On climate bill, Democrats work to overcome Graham's immigration objections
Monday, April 26, 2010
The current predicament of the Senate climate and energy proposal, which was attractive enough to lure the leaders of not only the Christian Coalition but also ConocoPhillips, Exelon and Duke Energy to a now-canceled bill launch Monday, underscores the fragility of its support.
The same political forces that have repeatedly shunted climate change to the back burner -- partisanship and its low rank on voters' priority list -- have made passing a bill a herculean task. It encountered another hurdle this weekend when Lindsey O. Graham (R-S.C.), one of its authors along with Sens. John F. Kerry (D-Mass.) and Joseph I. Lieberman (I-Conn.), said he was abandoning it unless climate legislation moved ahead of immigration on the Senate calendar.
For months, the three senators tried to assemble an inside-the-Beltway pact on climate change by reconciling the needs of the business and environmental communities. Now the fate of the bill rests on the prospects of a very different deal: one between Graham and Senate Majority Leader Harry M. Reid (D-Nev.), who sees immigration reform as more essential than energy to his reelection bid.
"I've got some political courage, but I'm not stupid," Graham said in an interview Saturday. "The only reason I went forward is, I thought we had a shot if we got the business and environmental community behind our proposal, and everybody was focused on it. What's happened is that firm, strong commitment disappeared."
By Sunday morning, Kerry and Lieberman -- who does not work on the Jewish Sabbath and therefore was not making calls until Saturday night -- were working on a rapprochement between Reid and Graham on energy legislation, called the American Power Act.
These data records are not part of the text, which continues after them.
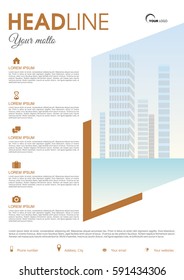 Vector flyer, corporate business, annual report, brochure design and cover presentation with brown square.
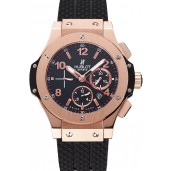 Swiss Hublot Big Bang Black Dial Rose Gold Case Black Rubber Bracelet 1453898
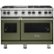 Front. Viking - Professional 5 Series 6.1 Cu. Ft. Freestanding Double Oven LP Gas Convection Range - Blackforest Green.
White House chief of staff Rahm Emanuel called Graham over the weekend, while energy czar Carol Browner called Kerry and Lieberman, according to an administration official.
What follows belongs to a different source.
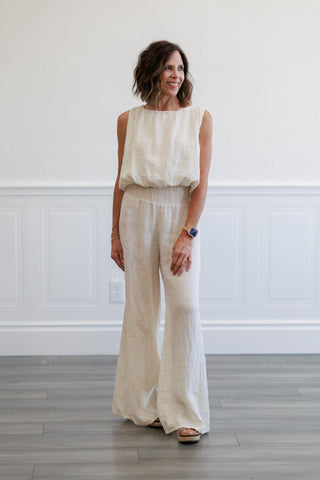 Butter Linen Wide-Leg Smocked Waist Pants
"He's assured me he'll do it before immigration reform, if it's ready," Lieberman said of Reid. "This certainly is not over, and to me, we've got a good bill."
In some ways, the problem that proponents of climate legislation face is that they're pursuing a policy goal that is not much of a hot-button political issue. Environmental activists had a well-attended event Sunday on the Mall, with musical stars Sting and John Legend, but immigration reform advocates are likely to dwarf that turnout with dozens of rallies across the country Saturday.
Sen. Sherrod Brown (D-Ohio), who spent months drafting language to protect the U.S. manufacturing sector as part of a climate deal, said he puts passage of the bill "on my list of top five priorities," especially since Ohio is helping lead the country in the production of jobs in the solar and wind industry. But when he goes home to his state to talk to constituents about the issues they care about most, "nobody talks about this. I never hear about it."
As a result, the bill's authors focused on doing what amounted to a legislative bank shot, lining up support among business interests the bill would impact, in an effort to get them to convince wavering senators to embrace the package. They held dozens of closed-door meetings with groups ranging from the American Gas Association to the National Mining Association and the Portland Cement Association, including one meeting this spring in which 30 officials from different business groups gave what one participant described as "their elevator pitch" for what they wanted in the bill.
"These three have gone out of their way to be engaging, to be constructive in listening," said Bruce Josten, executive vice president for government affairs at the U.S. Chamber of Commerce.
The senators doled out rewards to different groups in order to bring them on board, providing more free pollution allowances to the utilities sector, even if that meant less money to protect tropical forests overseas; ensuring that 37.5 percent of the revenue generated from new oil and gas drilling offshore would go to the coastal states closest to the drilling.
The horse trading infuriated some environmentalists -- Clean Air Watch president Frank O'Donnell said the bill "ought to be named 'Let's Make a Deal,' " -- but it helped neutralize some corporate opposition and brought on board influential backers such as the Edison Electric Institute and three of the nation's five biggest oil companies.